BBM467 - Data Intensive Applications (Spring 2020)
Lecturer: Dr. Fuat Akal
Lectures: Wednesdays 09:00-12:00 @D8
Practicum (BBM469): Fridays 14:00-16:00 @D8
Assistants: Alaettin Uçan,
Office Hours: Open door policy
Announcements will be made through Piazza Page only. See very bottom of this page.
The objective of this course is to teach students fundamentals of big data management and analytics. They will gain experience with some key technologies, platforms, tools and systems used by big data scientists and engineers.
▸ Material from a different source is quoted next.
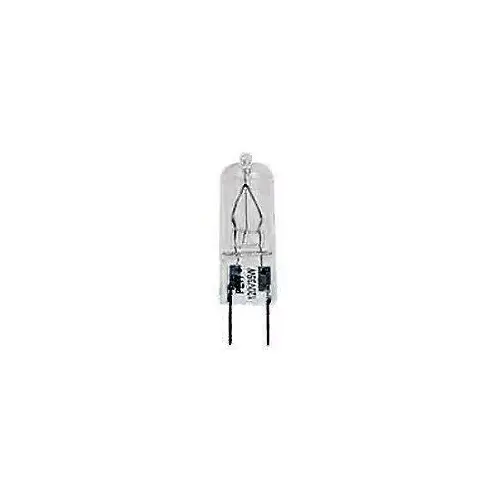 BPQ100/8.6 Halogen Bulb, 100 W, Candelabra GY8.6 Lamp Base, JCD T4 Lamp, 3000 K Color Temp Clear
Key words: Big Data, Data Science, Distributed Computing, Cluster Computing, Scalable Machine Learning, Cloud Computing and Virtualization, Data and Ethics.
Prior to attending this course, participants MUST have basic understanding of computer systems, databases, distributed computing and machine learning. Python programming knowledge would be useful.
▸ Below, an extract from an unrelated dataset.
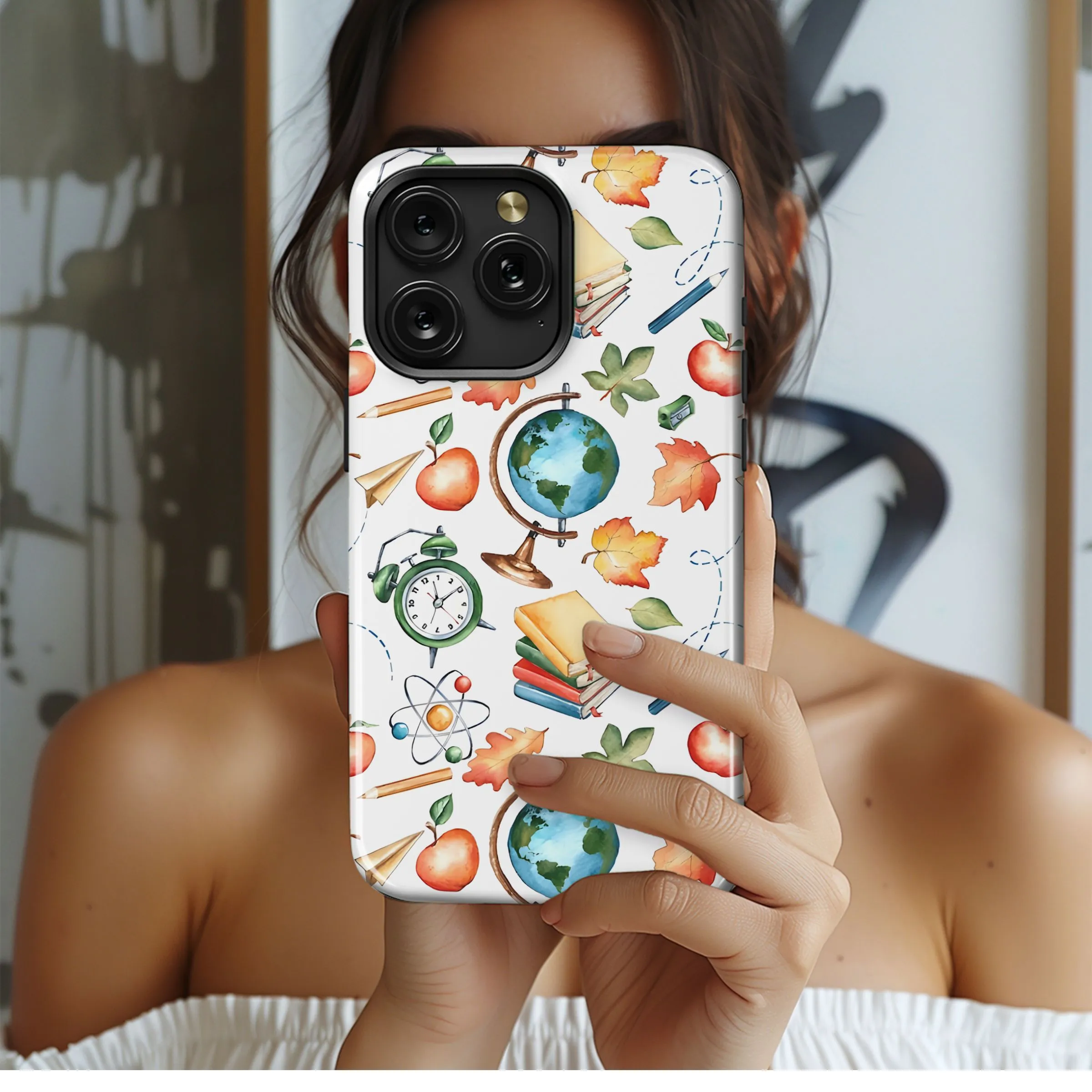 School Days Pattern Phone Case iPhone Samsung Cover Pixel 5224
Lectures will be conducted in English in the classroom. Course materials will be in English. Attendance is mandatory and will be rewarded while grading. Beware that this course requires hard work.
Lab Work (BBM469):
Although BBM469 is an independent lecture, it goes hand in hand with BBM467. It is strongly recommended that you enroll in BBM469 only if you are enrolled in BBM467. There will be three assignments (0% + 25% + 25%) and a Data Science Capstone Project, DSCP (50%). Students may work alone or in groups of maximum two. Assignments and projects must be delivered within deadlines. Late deliveries will be penalized by 10 points per day for at most three days.
The lecturer strongly believes that any student can pass the class with a good grade as long as she/he tries enough. There will be one written midterm examination (40%) and one final examination (60%).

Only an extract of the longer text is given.